From: Fuchsia Dunlop - Food of Sichuan
Cut the pork into very thin slices and then cut evenly into thin strips, ideally 1¼ inches (3-4mm) thick (you can chill the pork for an hour or so in the freezer beforehand to make cutting easier).
Place the strips in a bowl, add 1 tbsp cold water and all the marinade ingredients except the oil. Stir in one direction to combine, then set aside while you prepare the other ingredients.
Rinse the preserved mustard tuber thoroughly and cut it into very thin slices to match the pork. If it is extremely salty, blanch it for 10 seconds in boiling water, then drain.
Cut the scallions into 2½-inch (6cm) lengths and lengthwise into fine slivers.
Combine the sauce ingredients with 2 tbsp cold water in a bowl.
Add the 2 tsp oil to the marinating pork and mix well, then heat the 4 tbsp oil or lard in a seasoned wok over high heat.

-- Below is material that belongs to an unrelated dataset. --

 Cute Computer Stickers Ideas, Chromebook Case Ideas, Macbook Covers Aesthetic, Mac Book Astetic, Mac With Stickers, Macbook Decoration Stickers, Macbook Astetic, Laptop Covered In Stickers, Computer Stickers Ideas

Add the pork slivers and stir-fry until they have separated and are turning pale, then add the preserved vegetable and continue to stir-fry until the pork is just cooked and the preserved vegetable is fragrant.
Give the sauce a stir and add to the wok, stirring swiftly as it thickens.
Finally, add the scallions and stir once or twice to give them a lick of heat. Serve.